Padres minors: Catching prospect Ethan Salas cleared for baseball activity
The Padres insist this isn’t a lost season for Ethan Salas.
But he will have to make up ground one way or another.
The 19-year-old catcher has been cleared to get back into baseball activity after visiting with a back specialist and team physician Bryan Leek the past two days in San Diego.
Salas has been asymptomatic for about a month, said A.J. Preller, the Padres president of baseball operations. The question is whether the minor league season has enough runway left for Salas to return from the stress reaction in the lower right side of his back this year or if he’ll have wait to make up for lost time in the Arizona Fall League or in winter ball.
The top prospect left in the system, Salas has been sidelined since April and played in just 10 games for Double-A San Antonio this season.
“He’s going to be able to catch up in at-bats,” Preller said. “We would have loved for Ethan to have had a minor league season, but we’ll do our best to get him those at-bats this offseason against real competition, so he can still look up in the 2025 season and he’s going to have gained something from it.”
San Antonio’s regular season ends Sept. 14. The Triple-A El Paso season is a week longer and can’t be ruled out as a potential landing spot if Salas can get up to speed physically after more than three months of inactivity while waiting for a wear-and-tear injury to heal.
In other words, Salas is essentially easing back into a spring training of sorts, although the Padres have done what they can to challenge him away from the field mentally. That includes work with former big-league catchers A.J. Ellis and Scott Servais, among others, while he spent most of his downtime at the Padres’ spring training facility in Peoria, Ariz.
Salas is ranked No. 19 in MLB.com’s top-100 prospects, higher than all but one other catcher in minor league baseball (Baltimore’s Samuel Basallo is No. 8).
Salas signed for $5.6 million as the top prospect in the 2023 international class.
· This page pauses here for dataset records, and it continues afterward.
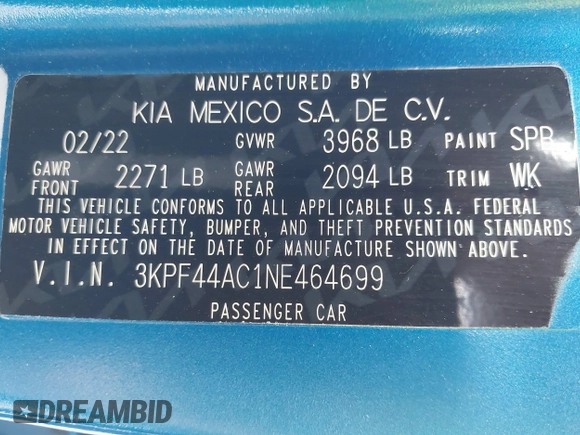 2022 Kia Forte GT with VIN 3KPF44AC1NE464699, listed as a IAAI auction lot 40966852 with 51,562 mi miles. Bid and sale history available at carsss.com. Image 9.
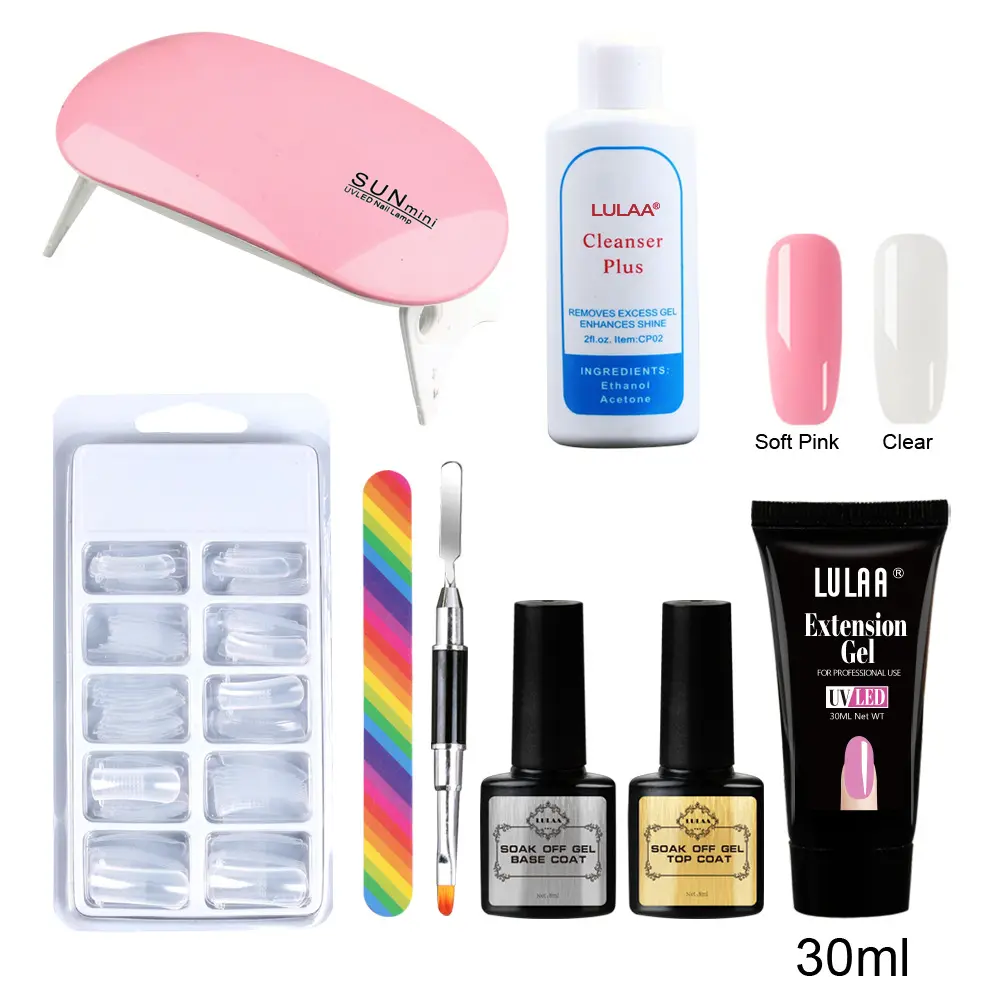 Poly Gel Nail Builder Set Private Label Nail Extension Acrylic Poly Gel with Nail Tips Brush Full Tool Set Kit De Unas Poligel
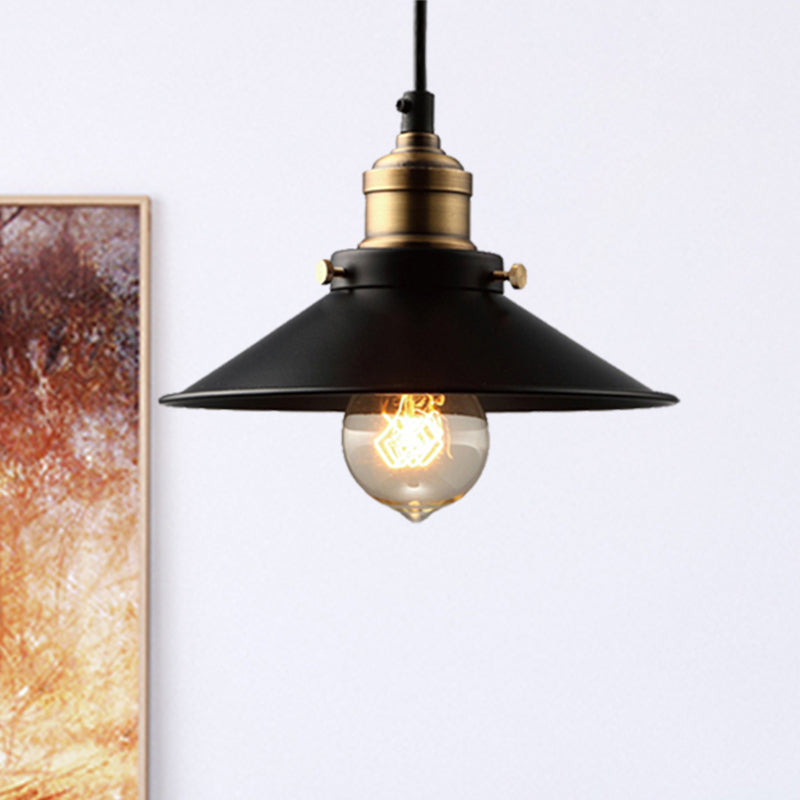 Single Bulb Metal Pendant Ceiling Light Industrial Black Cone Living Room Hanging Lamp Black Clearhalo 'Art Deco Pendants' 'Black' 'Cast Iron' 'Ceiling Lights' 'Ceramic' 'Crystal' 'Industrial Pendants' 'Industrial' 'Metal' 'Middle Century Pendants' 'Pendant Lights' 'Pendants' 'Rustic Pendants' 'Tiffany' Lighting' 204351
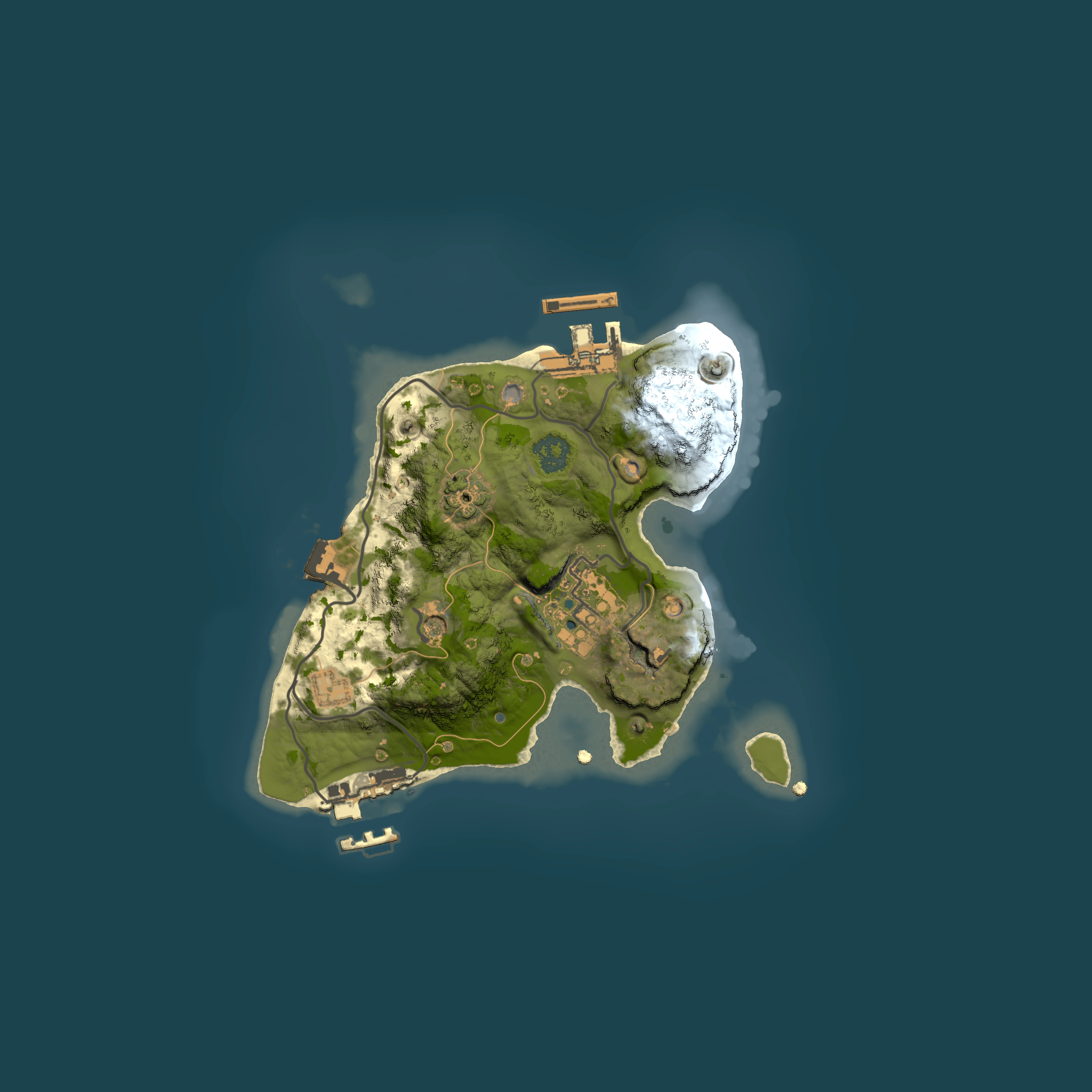 Full top-down render of Rust map seed 48357892, 2000x2000m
He went on to become the rare 16-year-old to play for a full-season affiliate that year and hit nine home runs in 48 games for low Single-A Lake Elsinore (.837 OPS)>
The Padres have continued to challenge him in the upper levels, where he’s been among the youngest players in his league, but Salas has not replicated that early success at either high Single-A Fort Wayne (.589 OPS in 122 games) or Double-A San Antonio (.532 OPS in 19 games).